Insgeheim kannte er die Antworten. Es gab einfach zu viele Verbrecher und korrupte Machtlenker. Eine Gesellschaft, die sich lieber in der virtuellen Bubble verlor, anstatt die Augen aufzumachen und zu schauen, was wirklich vor sich ging. Das Wohlstandsfett hatte sie inzwischen vollkommen gleichgültig gemacht. Sie würden es irgendwann bereuen, so viel stand für ihn fest.
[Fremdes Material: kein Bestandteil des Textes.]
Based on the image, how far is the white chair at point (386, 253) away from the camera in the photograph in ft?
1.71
Er hörte Schritte von harten Schuhsohlen. Ein Geräusch, das man in dieser Gegend nur selten vernahm. Gehörten sie doch zumeist Schuhen, die für die Bewohner dieses Viertels unerschwinglich waren. Es war der Klang des Geldes, der an diesen Schuhsohlen klebte. Ein Statussymbol, das jedem Träger Gehör verschaffte, wenn auch noch der passende Anzug kombiniert wurde. Bescheidenheit fand hier keinen Platz und Großzügigkeit pure Gewissenserleichterung, aber nie Nächstenliebe.
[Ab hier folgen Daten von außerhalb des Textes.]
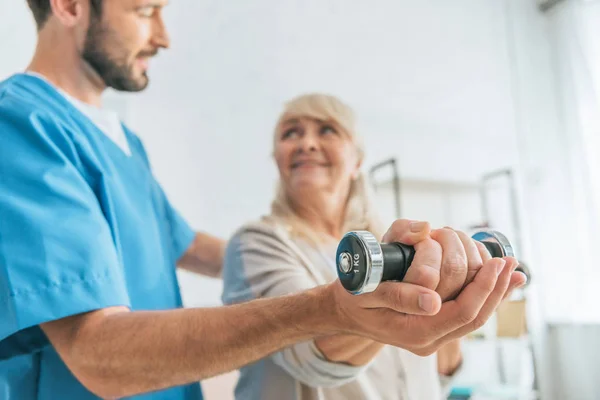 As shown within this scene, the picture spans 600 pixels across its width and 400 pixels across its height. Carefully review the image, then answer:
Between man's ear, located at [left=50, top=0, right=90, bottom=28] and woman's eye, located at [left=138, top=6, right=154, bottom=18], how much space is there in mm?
65

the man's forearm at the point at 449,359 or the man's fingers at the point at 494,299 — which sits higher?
the man's fingers at the point at 494,299

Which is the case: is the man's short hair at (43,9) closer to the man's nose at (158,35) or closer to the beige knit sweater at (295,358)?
the man's nose at (158,35)

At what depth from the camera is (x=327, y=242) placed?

Nur unter Schmerzen wendete er seinen Kopf, das Rheuma hatte seine Klauen längst in seinen Körper geschlagen. Das Leben auf der Straße war oft ein kaltes, für die Seele ein hartes. Doch seine Neugier ließ ihn den Schmerz besiegen. Er wollte unbedingt dem Gewinner dieses Systems aus Ausbeutung und noch am Leben lassen ins Gesicht schauen. Wenn dieser wahrscheinlich auch, ohne ihn eines Blickes zu würdigen, an ihm vorbeischreiten wird.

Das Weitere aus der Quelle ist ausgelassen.